I recently had the dubious honor of being the only female passenger in the first class cabin of a crowded jet. As the plane landed and taxied toward the terminal I, like all the men around me, quickly gathered my belongings and stood in the aisle. Apparently the ground crew was having difficulty opening the door, and after about ten minutes of listening to mechanical parts grind back and forth, one man, standing inches behind me blurted out, “Oh, it’s probably some stupid woman who can’t figure out how to open the door!” The other men chuckled, and I smiled like one of the boys, feeling strangely invisible and deeply humiliated by the entire circumstance. Yet, I couldn’t help but wonder if individuals would be as inclined to vent racist rather than sexist attitudes? Would they be as inclined to admit they thought Asian or African-Ameicans inept, particularly if one were present?
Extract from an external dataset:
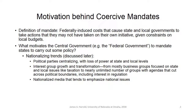On the motivation behind mandates from the national level government to state and local level governments — next week we're going to talk about coercion from the state level to the local level, but this week we want to talk about the national level to the state and local level. A mandate, drawing partly from the Posner reading, is federally induced costs that cause state and local governments to take actions and spend money that they may not have taken on their own initiative given constraints on local budgets.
Covert (and perhaps unintentional) sexism is often as invisible to the perpetrators as it is to the victims. For example, I know of a successful Christian bookstore that sells buttons with “funny” slogans on them such as: “I’d quit school but I need the rest” or “I’m a male chauvinist pig.” The first slogan is, perhaps, humorous; the second, in my opinion, is another example of our wide and blind practice of demeaning women. Would that bookstore sell buttons that read “I’m a racist” or “I’m anti-Semitic”? What’s the difference? If racism (the erroneous belief that one race is superior to another, and the exercise of power of one race over another) is a sin, so is sexism. I might even dare to argue that sexism (the erroneous belief that one sex is superior to the other, and the exercise of power of one sex over another) is a particularly heinous sin, when one considers that women are almost always an oppressed people within every oppressed people.
I am frequently reminded of the many parallels that exist among disadvantaged peoples. Recall the rhetoric some used to support slavery in the U.S.: some argued from Scripture (persons of color descended from Ham, the wicked son of Noah [Martin Marty, Pilgrims in Their Own Land, Boston: Little, Brown & Co., 1984, p. 242]); some argued on the basis of anatomy (African-Americans have smaller brains [ibid., p. 256]). Who has not heard similar rhetoric with regard to women? I remember listening to a highly respected Evangelical psychologist tell a radio audience that women have brains which are lateralized to the left, and hence are best suited for non-analytic, non-leadership, social service, and domestic roles. And, of course, one camp of scholarship points to Eve, her failings, and the subsequent (and just) subjugation of her gender.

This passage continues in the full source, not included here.